Wednesday, December 12, 2007

Intangible

A loyal reader has tossed this word at me. I'm catching it and running with it. This word is a bit of a paradox - we can see it, read it and speak it yet it refers to those things that we cannot discern or observe.

This evening I had tea with a woman from my synagogue whom I've been getting to know in our Rosh Chodesh group, a monthly women's gathering centering on spirituality. Both of us are trying to focus our attention on gratitude and appreciation and I saw her as a fellow traveler along a difficult path. It is very challenging, when accustomed to looking at the world, and the people, places and objects in it, as something that needs fixing or improvement, to try to notice all that is positive in our lives. I must constantly refocus my eye, which gravitates to details and loves to linger on the miniscule flaw, and zoom out and see the basically good big picture.

Another thing this woman and I share is our sensitivity to the vibrations of people and places, what for others might be completely intangible. She and I are a bit like Goldilocks, needing to try many chairs, porridges and beds before finding the ones that are "just right". Sometimes I envy people who can find a place to live in a short amount of time, can enjoy almost any situation and are at ease with a lot of people. If they have an inner sensor, it is not blinking yellow or flashing red as much as mine and hers do, or maybe these people have just decided to ignore it.

Sunday, December 2, 2007

Ideology, the Danger of

There was a time when I stopped reading newspapers. I was on a diet of sorts, not for my body but for my mind, which was generating an unhealthy surplus of anxieties and fears. I was determined not to introduce any additional negative stimuli in the form of violent or depressing stories that would leave me feeling even more overwhelmed or despairing.

I'm not in such a dark place anymore and so I now do read the New York Times online. Typically I skim the headlines, check out the Letters to the Editor and poke around for feature articles. I am still on a news diet, trying to carefully select what information to feed my still impressionable brain. But sometimes I do give into the temptation to click on a headline that might lead to a longer and upsetting story.

And so it was that I read Ending Famine, Simply by Ignoring the Experts, about how Malawi is now growing enough food for export after years in which it couldn't produce enough for domestic consumption.

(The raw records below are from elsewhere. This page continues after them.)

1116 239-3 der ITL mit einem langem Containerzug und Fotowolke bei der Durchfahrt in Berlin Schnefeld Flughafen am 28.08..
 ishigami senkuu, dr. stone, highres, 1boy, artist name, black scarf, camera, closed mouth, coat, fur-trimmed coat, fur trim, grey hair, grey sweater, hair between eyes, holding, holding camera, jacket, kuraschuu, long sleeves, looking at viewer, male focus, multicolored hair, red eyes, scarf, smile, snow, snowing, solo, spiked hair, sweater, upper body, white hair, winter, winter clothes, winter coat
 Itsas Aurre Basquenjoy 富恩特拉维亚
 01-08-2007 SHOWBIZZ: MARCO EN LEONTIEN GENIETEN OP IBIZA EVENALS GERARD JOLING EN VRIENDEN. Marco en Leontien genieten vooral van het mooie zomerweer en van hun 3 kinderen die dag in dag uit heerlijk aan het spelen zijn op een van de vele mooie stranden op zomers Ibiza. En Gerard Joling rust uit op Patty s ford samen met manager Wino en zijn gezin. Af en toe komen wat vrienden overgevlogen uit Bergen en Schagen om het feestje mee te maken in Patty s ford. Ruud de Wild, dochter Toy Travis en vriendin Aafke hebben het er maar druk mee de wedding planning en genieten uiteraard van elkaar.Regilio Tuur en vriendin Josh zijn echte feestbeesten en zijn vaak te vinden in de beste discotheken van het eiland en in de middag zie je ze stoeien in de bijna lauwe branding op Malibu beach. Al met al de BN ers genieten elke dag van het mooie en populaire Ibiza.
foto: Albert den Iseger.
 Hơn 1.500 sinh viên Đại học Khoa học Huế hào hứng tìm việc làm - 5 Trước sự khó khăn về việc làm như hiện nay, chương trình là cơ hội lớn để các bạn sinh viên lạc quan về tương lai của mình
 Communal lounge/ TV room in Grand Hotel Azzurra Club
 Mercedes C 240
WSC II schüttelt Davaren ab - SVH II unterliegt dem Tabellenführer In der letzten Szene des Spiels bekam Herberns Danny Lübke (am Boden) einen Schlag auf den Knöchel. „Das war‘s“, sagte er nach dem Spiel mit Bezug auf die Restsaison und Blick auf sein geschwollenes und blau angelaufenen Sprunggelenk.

During those bleak years Malawi followed the World Bank's ideologically orthodox free market advice to not subsidize fertilizer. Without the fertilizer, farmers couldn't coax food out of the weak soil. Many people died of starvation. What is so sickening about the World Bank's advice is that the United States and Europe subsidize their farmers.

But after the 2005 harvest, the worst in a decade, Bingu wa Mutharika, Malawi’s newly elected president, decided to follow what the West practiced, not what it preached.

In my master's program, which each year produces a fresh crop of World Bank employees, I was indoctrinated in the dogma of free trade and free markets and could spout the ideology on command. Some of the economic theories underlying this ideology are seductive in their simple logic and beautiful when illustrated by an elegant curve on a graph. But insisting on transplanting these Ivory Tower ideas into Africa's, or at least Malawi's, barren terrain seems foolish at best and - in light of the resulting deaths - criminal at worst.